GDub got into Phillips Academy because he was a legacy: meaning his father and uncle had previously attended (and graduated from) Andover.
GDub was admitted to Yale despite his mediocre record at Andover because he was a legacy: his father, uncle and grandfather attended (and graduated from) Yale. Average Joe Blow who was not a legacy would have been rejected by Yale with the grades GDub had. Correction: Average Joe would have been advised not to even bother applying to Yale with the grades GDub had. And GDub himself frequently remarks on having been a "C" student in college. He thinks, for some absurd reason, that this is funny.
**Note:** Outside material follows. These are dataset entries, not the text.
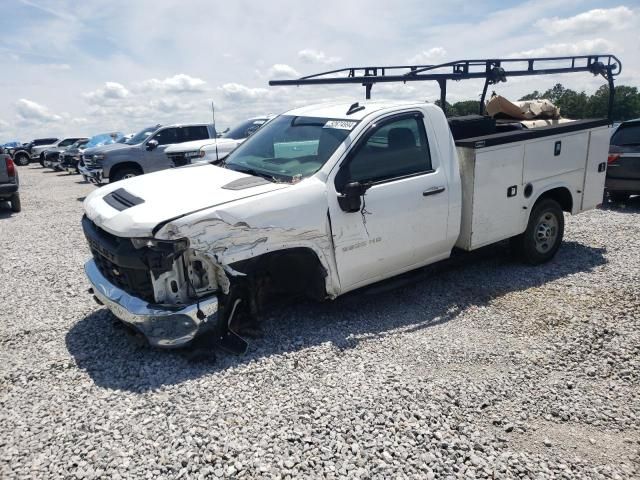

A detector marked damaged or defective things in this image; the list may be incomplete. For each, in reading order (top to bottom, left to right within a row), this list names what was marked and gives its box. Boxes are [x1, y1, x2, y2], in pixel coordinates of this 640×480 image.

crumpled hood [164, 137, 239, 154]
crumpled hood [84, 164, 288, 237]
damaged front bumper [84, 260, 219, 346]
crashed front end [82, 216, 228, 346]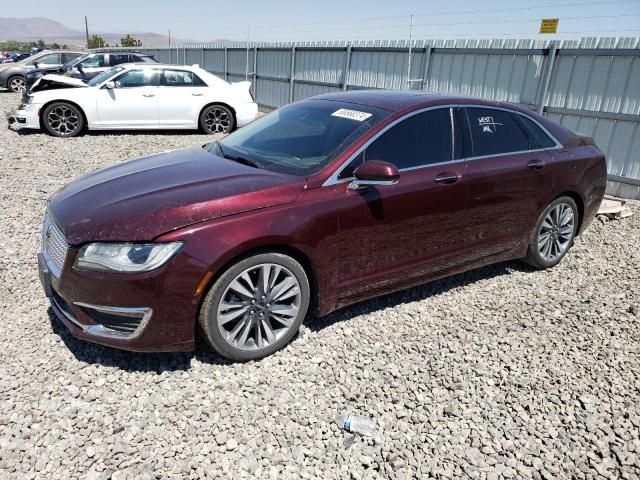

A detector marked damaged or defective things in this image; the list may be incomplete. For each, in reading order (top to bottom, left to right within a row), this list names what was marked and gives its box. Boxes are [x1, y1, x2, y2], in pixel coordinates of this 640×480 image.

damaged front bumper [6, 102, 41, 130]
damaged white car [6, 63, 258, 137]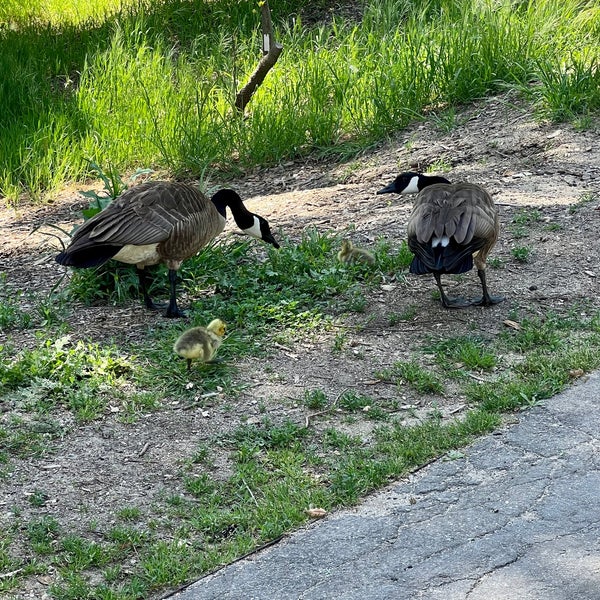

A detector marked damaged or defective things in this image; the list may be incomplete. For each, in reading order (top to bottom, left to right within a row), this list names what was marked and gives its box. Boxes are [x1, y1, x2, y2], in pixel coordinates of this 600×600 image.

GDub got into Harvard Business School back when anyone with an undergraduate degree from an Ivy League school and the cash to pay full tuition was an automatic admit. Having a father who had been a Congressman, an Ambassador, and Chair of the RNC also didn't hurt. HBS had a reputation in those days as a soft landing place for not too bright children of wealthy or connected parents who didn't have any idea what to do with themselves but needed a credential to go into the family business. It was an easy credential to get, because at that time all the courses were graded pass/fail. No matter how dim you were, once you got in it was almost impossible to flunk out. Anyone who showed up in class and did any work at all could receive a "low pass" (classes were pass/fail, but there was high pass, pass and low pass).
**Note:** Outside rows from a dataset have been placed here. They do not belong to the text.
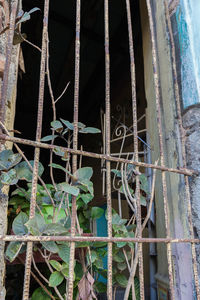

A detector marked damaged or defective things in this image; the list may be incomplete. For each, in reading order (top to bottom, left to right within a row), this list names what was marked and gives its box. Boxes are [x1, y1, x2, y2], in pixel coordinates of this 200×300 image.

corroded metal [0, 0, 17, 124]
rusty metal bar [0, 0, 18, 124]
rusty metal bar [22, 1, 49, 298]
corroded metal [22, 1, 49, 298]
rusty metal bar [0, 134, 195, 176]
corroded metal [0, 134, 195, 176]
rusty metal bar [126, 0, 144, 298]
corroded metal [126, 0, 145, 298]
rusty metal bar [145, 1, 175, 298]
corroded metal [145, 1, 175, 298]
rusty metal bar [163, 1, 200, 298]
corroded metal [164, 1, 200, 298]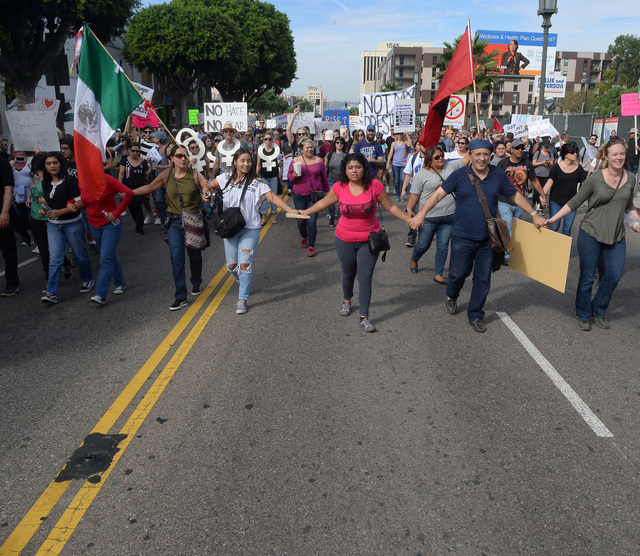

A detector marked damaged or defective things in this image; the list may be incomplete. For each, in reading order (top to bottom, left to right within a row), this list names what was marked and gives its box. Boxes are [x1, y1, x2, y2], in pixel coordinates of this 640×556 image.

tar patch on road [56, 430, 129, 482]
One of GDub's special "gifts" is smarmcharming people, and not caring what rules he has to bend or break to get what he wants. HBS students are traditionally encouraged to form "study groups" where work is divided among the members and each person studies one area in depth and shares that information with the group. Anyone who has ever been in one of these groups knows how often there is always one guy who does nothing and coasts on everyone else's work because he is liked or pitied. A lot of the exams were take home honor system: you get the question and bring back your answer some number of hours or days later. GDub's willingness to abuse honor systems and assume rules do not apply to him is already pretty well documented in the ANG/AWOL story. Is there any doubt in anyone's mind that GDub, a perpetually pampered boy with an oversized sense of entitlement, might have persuaded someone else to "help" write his papers and exams? A large allowance could also do a lot of persuading back in the day before Business Ethics classes.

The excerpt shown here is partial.